The EU-Community Patent proposal from the Council looks frightening for the EU level: "The Community patent is a European patent designating the Community, granted by the EPO under the provisions of the EPC"
Is there a term for "Untreue" in English for Council legislators? Defalcation? Disloyality?
@Rebentisch:
Well, at least the EU Council won't take any formal decision to adopt the proposals lying on the table until the ECJ has had its say.

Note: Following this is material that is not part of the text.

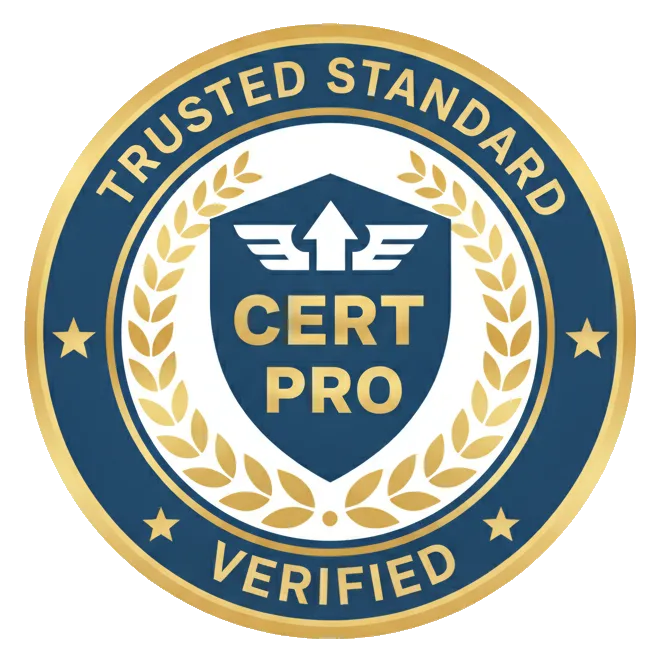 Accreditation seal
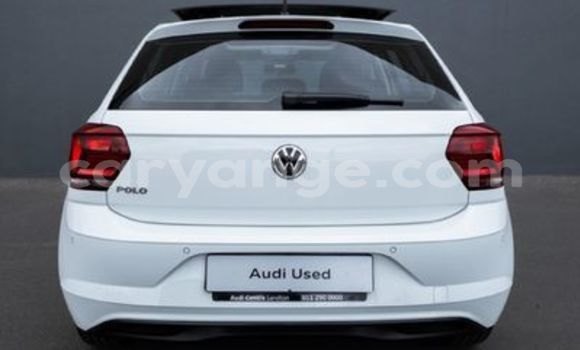 Acheter Occasion Voiture Volkswagen Polo Blanc à Gobabis, Omaheke Acheter Occasion Voiture Volkswagen Polo Blanc à Gobabis, Omaheke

@Rebentisch: I can't really understand your last sentence. What alternative would you propose? Creating a Community patent office? That would be an outrageous duplication of resources. Or would you like to have Community patents granted by the national patent offices? Considering that it is in general rather easier to get a patent granted by most NPOs than by the EPO (something that the EPO's most vocal critics consistently overlook), that would be an open invitation for forum shopping. Unscrupulous patent applicants and prospective "patent trolls" would go to the NPO which would be the easiest touch for grant.
And, mind you, for patent examination, size matters. A large patent office can have much more specialised examiners than a small one. Individual EPO examiners are in general extremely knowledgeable over a very narrow field of technology.

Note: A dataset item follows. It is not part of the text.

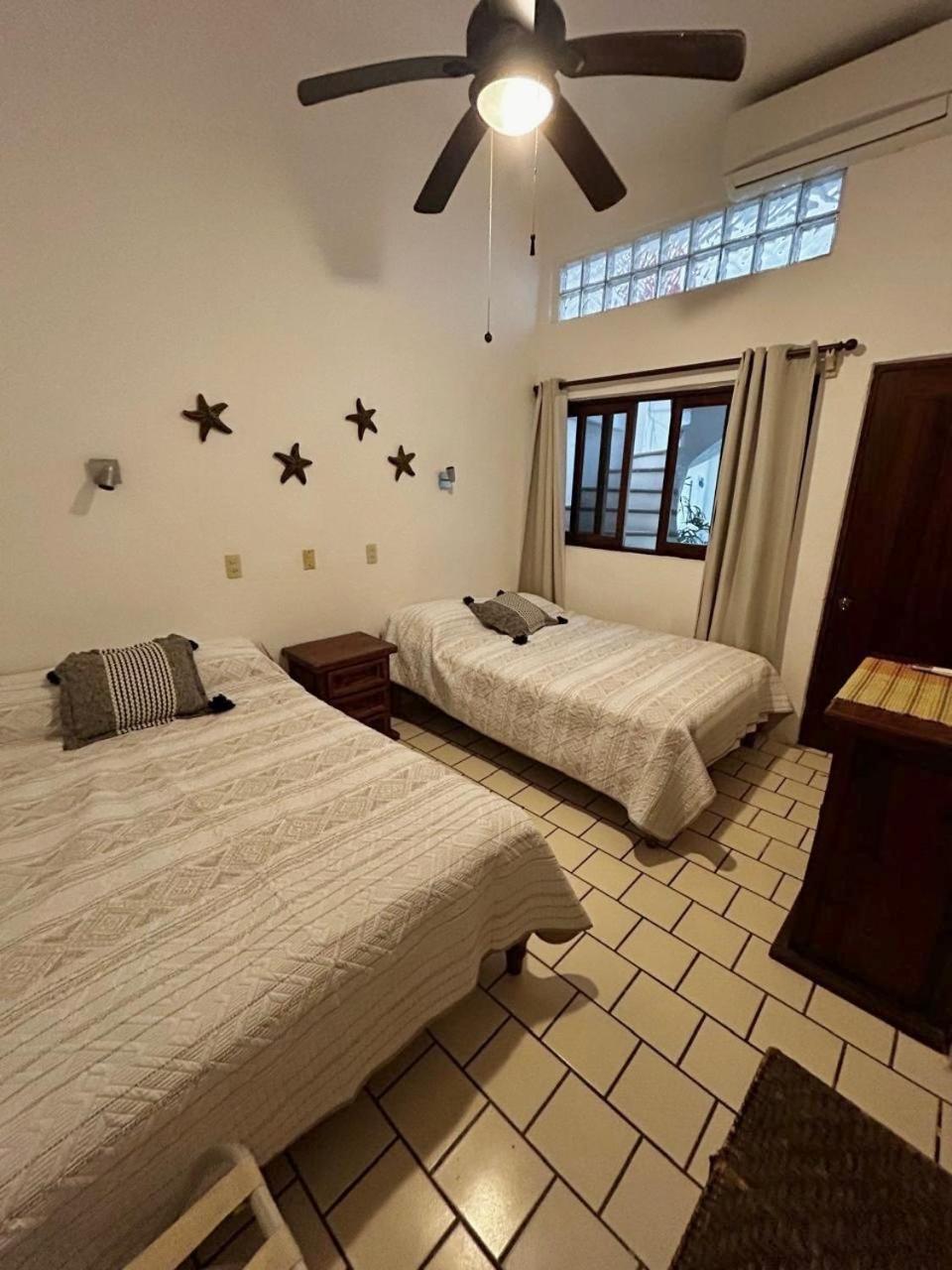 Casa Mara Beachfront -heated Pool * Sayulita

Finally, for the EU to delegate the grant of its patents to the EPO wouldn't be anything new. For over three decades, individual EU states have been delegating the grant of patents valid in their territories onto the EPO. Can that be also be considered "defalcation"? For that matter, when EU states delegate legislating to the EU, wouldn't that be "defalcation" too?
If you want to discuss the EPO's governance, that sould be improved, that I definitely grant you. But again, the problem there is not excessive centralisation, but rather the opposite.

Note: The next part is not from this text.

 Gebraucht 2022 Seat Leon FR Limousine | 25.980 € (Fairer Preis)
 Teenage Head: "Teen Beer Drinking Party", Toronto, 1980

A) When you do EU, get everything on the EU level or you will run into technicalities and conflicts. Means, take the EPC and implement it as a community act. Harmonise national patent laws with an EU directive (irrespective of the EPC). The Commission can propose that tomorrow, without an ECJ opinion, without joining the EPC by the Community and so forth. So it is like a codification, get a prior agreement with parliament groups not to make change proposals. Merge the biopat directive provisions, don't mention the CII. ---
B) EUPO, well think of virtual solutions. The most simple idea (I was quite sceptical as a German) is the Alicante proposal. OHIM will be formally responsible for the community patent but all actual examination work is done by the EPO, contracted national patent offices or commercial legal contractors. The relationship is public or private contractual. So you avoid all the trickery and fee distribution fights in the Administrative Council, instead the ItalianPOn can fight with France and the EPO over the Chemistry examination contract for 2015-2020 etc. National Patent offices are "sales departments" for the community patent. OHIM itself would just manage the workflows, seal the work and do quality review. Of course OHIM could also be an EUPO in Munich. All we have to avoid is a construction that is neither fish nor meat, where an EU court rules on non-community laws effective in the EU and neither the ECJ nor the EU legislature could ever make any corrections or integrate patent law with other policies as standardisation or competition law.
@Rebentisch - I've never heard the idea that OHIM could grant Community patents before, but it is an interesting idea. The proposals seem to be talking about a new system of quality control for patents, which will seemingly apply to the EPO and other patent offices. All offices which meet the quality standard will be able to provide Community patent searches. So perhaps one day we will truly have a Community body formally granting Community patents, and examinations as well as searches will be done by others on the Community's behalf. Of course, the EPO will complain about this, which could be why the proposals just talk about contracting searches, and in a rather vague way.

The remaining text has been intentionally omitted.